As for the proportionality between the effects of the Committee’s decision on Me Doré’s freedom of expression and the objective of maintaining the integrity of the justice system, the Court also considered that it was satisfied, since the lawyer preserved his right to freedom of expression without, however, having the right to adopt injurious conduct.


Finally, the Court made the following remark with respect to the supposedly private nature of the letter:


“ [TRANSLATION ] The letter was written by a lawyer to a judge in an extension of a court case which had ended some hours earlier.
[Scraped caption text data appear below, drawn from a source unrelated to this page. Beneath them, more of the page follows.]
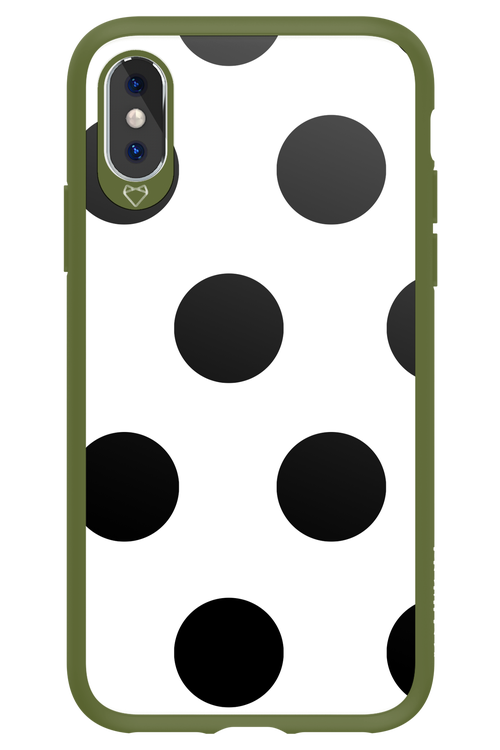 Dot Girl - Apple iPhone X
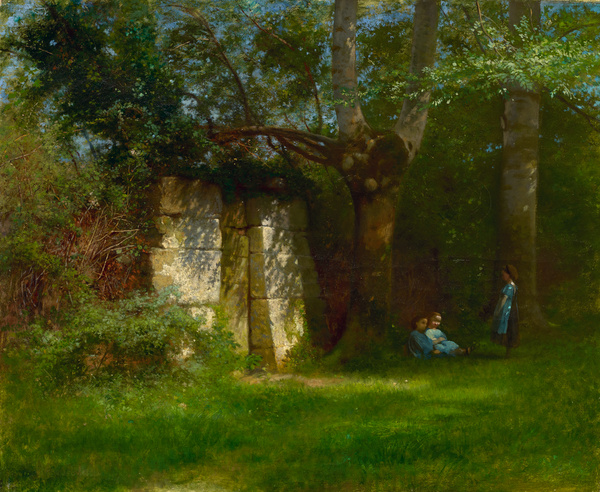 Vieille porte à Sassenage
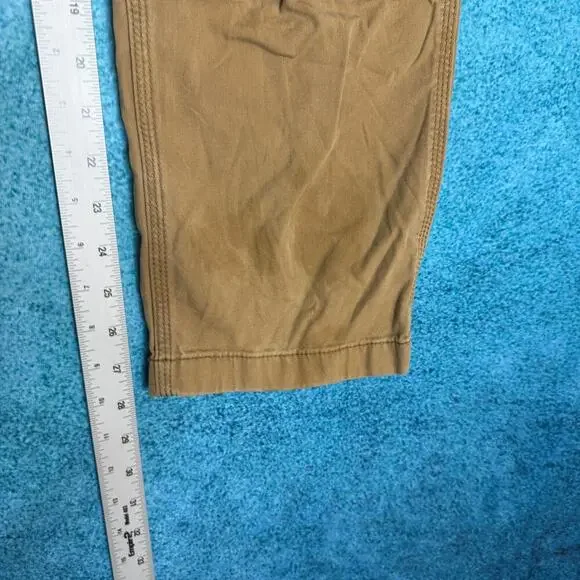 Carhartt Mens 30x30 Tan Double Knee Work Pants Rugged Flex Utility Workwear - Picture 8 of 16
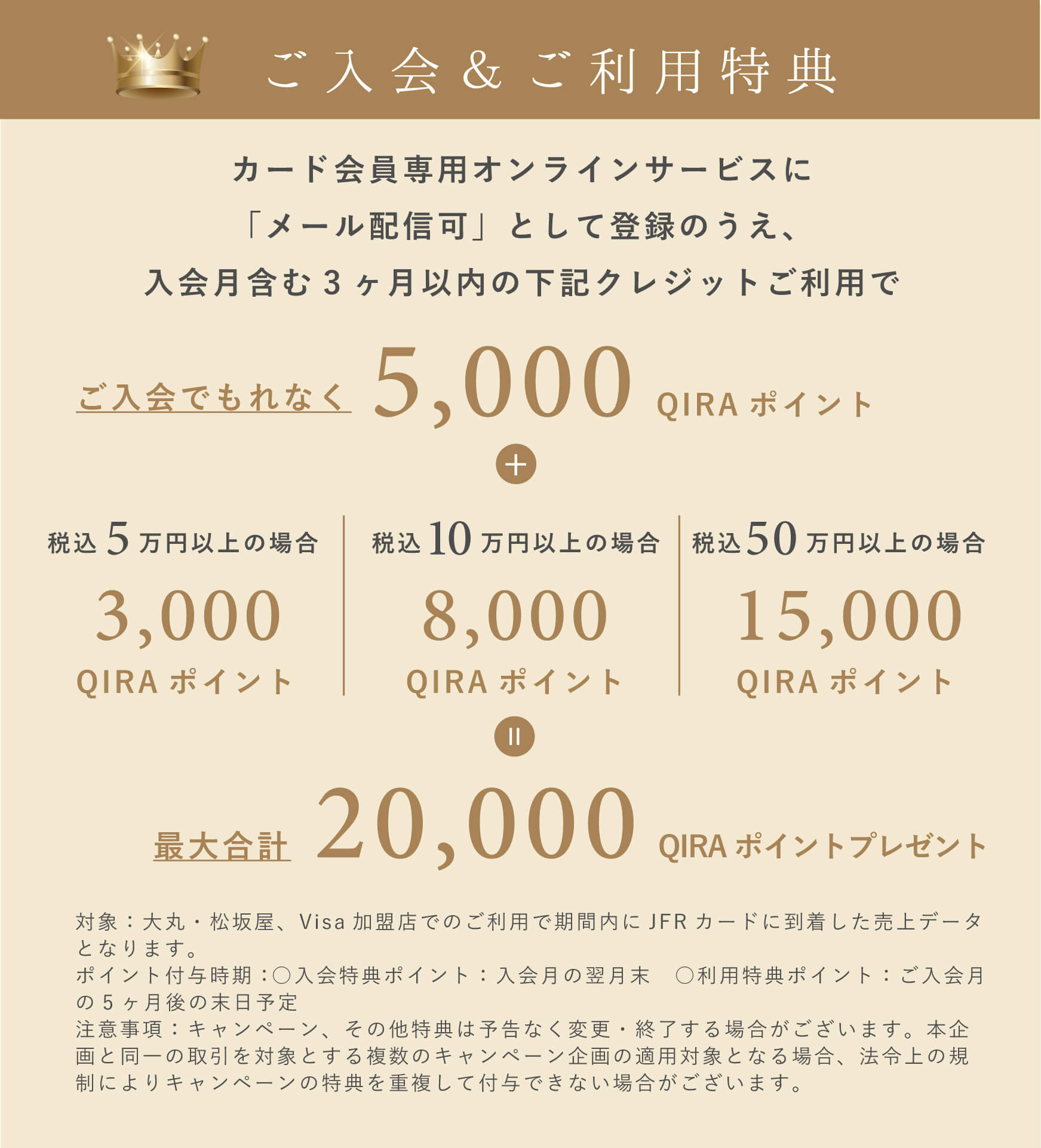 ご入会＆ご利用特典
Due to the status and functions of the parties involved, the author of the missive could not reasonably expect that the affair would end there and that the letter would remain confidential. […]


This last recourse of the appellant (the private nature of the letter) may perhaps justify a lesser penalty, but in my opinion, it has no effect on the decision on conviction as rendered.”(11)


CONCLUSION

Even outside the confines of the tribunal, a lawyer who believes he has been wronged by the manner in which a judge conducted himself toward him should opt to respond by lodging a complaint against this judge with the Judicial Council, and therefore the sanctioning of the judge by his peers.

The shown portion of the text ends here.